_WORK INSTRUCTION_
Please return the full listing exactly as written, with the images removed.

_INPUT DATA_
== Segment start ==

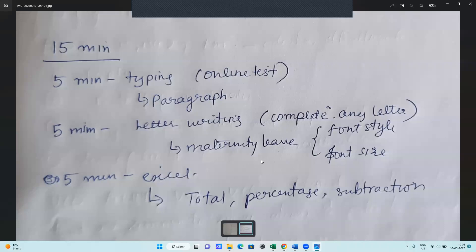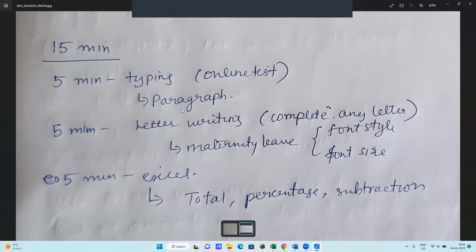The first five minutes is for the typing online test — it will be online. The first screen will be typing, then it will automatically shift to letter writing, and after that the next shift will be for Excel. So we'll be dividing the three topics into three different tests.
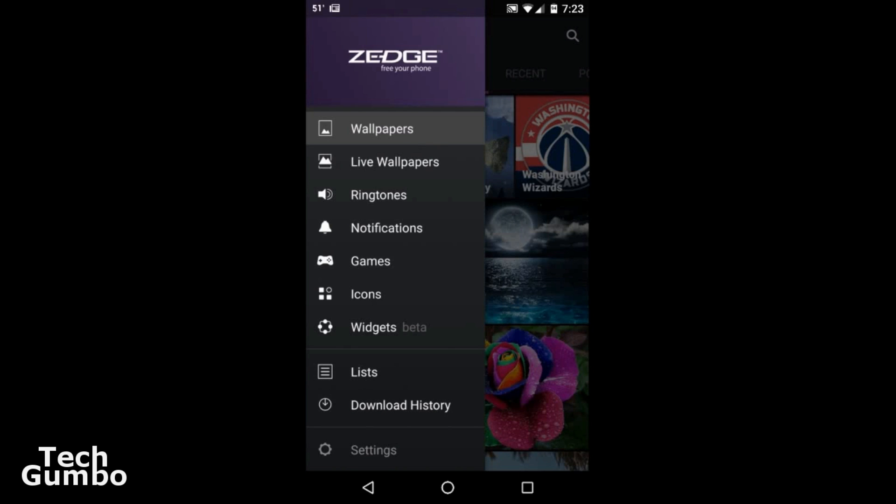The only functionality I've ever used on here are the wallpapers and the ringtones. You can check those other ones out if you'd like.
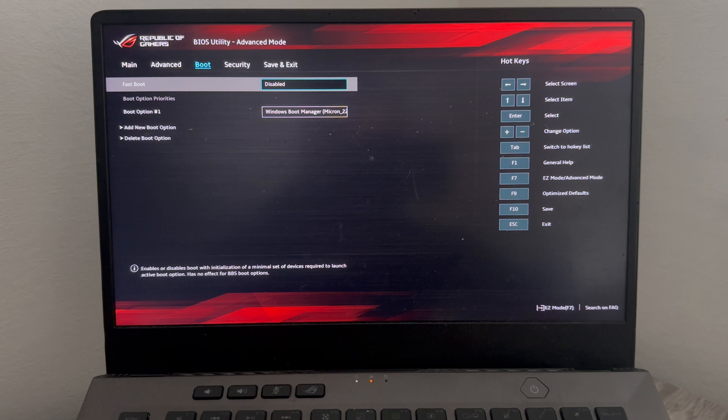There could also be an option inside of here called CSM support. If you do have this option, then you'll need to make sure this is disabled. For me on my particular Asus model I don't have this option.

== Segment end ==

_TASK ANSWER_
The first five minutes is for the typing online test — it will be online. The first screen will be typing, then it will automatically shift to letter writing, and after that the next shift will be for Excel. So we'll be dividing the three topics into three different tests.
The only functionality I've ever used on here are the wallpapers and the ringtones. You can check those other ones out if you'd like.
There could also be an option inside of here called CSM support. If you do have this option, then you'll need to make sure this is disabled. For me on my particular Asus model I don't have this option.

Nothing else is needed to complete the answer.